MarieDeGournay · 08/04/2026 13:49

Well I think that just about wraps things up for this discussion:

you believe a transwoman is a woman, we believe a transwoman is a man;
you believe a transman is a man, we believe a transman is a woman.
We don't hate transpeople.
We want spaces designated for women to be what the legally should be: for biological women only. You don't, but fortunately you don't make the law.
If you want to share a toilet with men, that's fine, you do you.

Is that a fair summing up?

My post hasn't aged well, has it? 😒
I still think it summed up what the discussion was all about, but somehow it extended over 10 pages.

No evidence of any transphobic hate in the 10 pages, just the usual groundless accusations.

And he usual brazen ignoring of being caught out 100%, provably wrong about e.g. claiming that:
-JKR said that Imane Khelif is trans [she didn't]
-IK's sex was judged solely on appearance [it wasn't, he had already failed eligibility tests before he appeared in the Olympics]
-we have never met Imane Khelif [true]
-therefore we know nothing about his sex [untrue: it has been known for a long time that he has a DSD that is a male DSD, and is therefore a man.]

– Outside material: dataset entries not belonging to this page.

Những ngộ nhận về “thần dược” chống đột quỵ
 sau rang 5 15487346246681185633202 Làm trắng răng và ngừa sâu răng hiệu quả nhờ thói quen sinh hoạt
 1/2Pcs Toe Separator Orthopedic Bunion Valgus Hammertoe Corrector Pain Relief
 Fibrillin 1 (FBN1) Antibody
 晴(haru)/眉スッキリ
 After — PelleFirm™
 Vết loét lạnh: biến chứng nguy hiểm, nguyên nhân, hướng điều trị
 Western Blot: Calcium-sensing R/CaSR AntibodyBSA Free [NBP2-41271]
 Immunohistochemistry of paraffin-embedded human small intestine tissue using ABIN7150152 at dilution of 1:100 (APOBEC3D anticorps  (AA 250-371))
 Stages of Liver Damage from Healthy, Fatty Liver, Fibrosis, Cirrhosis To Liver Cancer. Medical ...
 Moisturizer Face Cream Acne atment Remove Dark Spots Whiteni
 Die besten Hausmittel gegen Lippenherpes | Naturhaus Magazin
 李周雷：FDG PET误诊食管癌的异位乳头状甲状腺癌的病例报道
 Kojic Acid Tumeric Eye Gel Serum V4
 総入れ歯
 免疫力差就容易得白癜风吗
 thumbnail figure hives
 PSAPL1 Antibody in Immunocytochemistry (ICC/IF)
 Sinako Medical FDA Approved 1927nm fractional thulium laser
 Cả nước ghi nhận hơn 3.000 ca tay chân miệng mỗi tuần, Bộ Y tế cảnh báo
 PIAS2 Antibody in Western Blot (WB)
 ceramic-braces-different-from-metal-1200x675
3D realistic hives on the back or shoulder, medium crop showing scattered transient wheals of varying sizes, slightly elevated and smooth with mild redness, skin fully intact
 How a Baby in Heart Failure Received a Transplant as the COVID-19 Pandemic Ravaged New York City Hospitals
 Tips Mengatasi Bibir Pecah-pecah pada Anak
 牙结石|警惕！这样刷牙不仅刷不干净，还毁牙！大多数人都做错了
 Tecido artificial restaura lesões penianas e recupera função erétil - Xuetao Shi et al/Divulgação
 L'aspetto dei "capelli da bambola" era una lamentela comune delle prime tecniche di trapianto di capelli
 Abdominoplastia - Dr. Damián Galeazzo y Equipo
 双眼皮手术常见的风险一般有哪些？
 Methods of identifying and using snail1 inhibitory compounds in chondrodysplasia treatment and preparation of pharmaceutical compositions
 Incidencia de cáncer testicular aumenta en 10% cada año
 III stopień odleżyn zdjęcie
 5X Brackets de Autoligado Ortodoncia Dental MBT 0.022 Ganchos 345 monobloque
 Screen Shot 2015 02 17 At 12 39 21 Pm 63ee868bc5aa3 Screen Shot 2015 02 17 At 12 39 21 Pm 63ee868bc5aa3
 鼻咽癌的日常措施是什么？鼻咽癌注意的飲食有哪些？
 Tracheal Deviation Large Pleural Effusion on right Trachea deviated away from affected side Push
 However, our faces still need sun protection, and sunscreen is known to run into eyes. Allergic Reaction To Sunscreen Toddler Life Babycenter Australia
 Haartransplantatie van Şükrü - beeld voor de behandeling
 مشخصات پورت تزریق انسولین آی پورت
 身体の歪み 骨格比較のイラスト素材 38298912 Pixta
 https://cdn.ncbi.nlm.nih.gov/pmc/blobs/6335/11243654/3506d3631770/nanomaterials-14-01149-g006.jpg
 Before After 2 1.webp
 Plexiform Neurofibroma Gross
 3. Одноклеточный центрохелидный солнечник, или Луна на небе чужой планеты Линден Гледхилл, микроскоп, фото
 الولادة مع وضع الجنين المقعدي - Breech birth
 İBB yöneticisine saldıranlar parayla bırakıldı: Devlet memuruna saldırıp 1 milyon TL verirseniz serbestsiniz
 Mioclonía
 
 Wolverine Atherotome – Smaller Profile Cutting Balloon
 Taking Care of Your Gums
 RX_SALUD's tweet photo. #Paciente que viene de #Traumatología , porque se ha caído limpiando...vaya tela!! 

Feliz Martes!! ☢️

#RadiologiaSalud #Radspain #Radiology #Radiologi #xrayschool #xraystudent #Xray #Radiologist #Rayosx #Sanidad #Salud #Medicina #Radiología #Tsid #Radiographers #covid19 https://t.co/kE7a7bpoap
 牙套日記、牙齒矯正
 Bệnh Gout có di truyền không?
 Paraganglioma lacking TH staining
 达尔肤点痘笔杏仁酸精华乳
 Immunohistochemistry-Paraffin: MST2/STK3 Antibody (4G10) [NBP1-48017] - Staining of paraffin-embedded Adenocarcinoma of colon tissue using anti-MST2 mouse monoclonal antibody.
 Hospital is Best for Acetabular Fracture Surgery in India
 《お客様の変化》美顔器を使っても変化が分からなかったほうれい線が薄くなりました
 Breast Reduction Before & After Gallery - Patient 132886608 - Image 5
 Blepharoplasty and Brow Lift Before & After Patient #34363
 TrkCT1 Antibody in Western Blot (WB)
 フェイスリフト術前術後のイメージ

Anybody who is interested in boxing, as a previous poster said they were, must surely be aware of the whole IBA/IOC/WB situation, and the different approach to eligibility for women's boxing taken by the WB, and adopted by the IOC?
Boxing is a very rules-based sport, the most basic one being strict adherence to eligibility criteria - you can't identify into a weight division, and now you can't identify into women's boxing if you're male like Imane Khelif.

murasaki · 08/04/2026 15:15

MajorProcrastination · 08/04/2026 15:12

Every time there is a post about trans issues it is from a GC perspective and spirals into a lot of people with the same opinion backing each other up.

In real life, same as you, the trans women I have met through work have been lovely. The only trans man I know of is the sibling of someone I used to work with and he seems so much happier and more confident than he was before transitioning.

I think the posts are often so theoretical that they forget the real people. The only people who have every made me feel uncomfortable, unsafe, or have sexually assaulted or exposed themselves to me when I was a teenager have all been cis men.

But they've all been men, which transwomen are, or they couldn't be transwomen. And transmen aren't. Men are the issue on that front, however they dress or identify. And a higher proportion of transwomeb are in prison for sexual assault than what you choose to call cis men are. I call them all men. But a higher percentage of the ones that call themselves women that are in jail are in there for sexual assault than the other men that are in jail.

DrBlackbird · 08/04/2026 15:15

AccidentallyWesAnderson · 08/04/2026 14:57

Yep. Must be quiet over on Reddit. And it’s the Easter school holidays here.

It is annoying. Plopping on here (instead of AIBU), never reading a single other thread first to get a sense of the debates, pointing fingers and accusing all of mumsnet for being haters, and being yet another poster saying none of us have met or known someone trans.

Expecting everyone else to rush and justify/defend/explain themselves for worrying about the loss of single sex spaces and about the medicalisation of children and young adults. It is getting tedious.

I applaud those able to engage and attempt at a serious conversation.

sanityisamyth · 08/04/2026 15:15

Shallotsaresmallonions · 08/04/2026 13:33

I don't hate transgender women. I just don't want them in the women's toilets.

I don't care if a transgender man is in the ladies because they're not actually a man.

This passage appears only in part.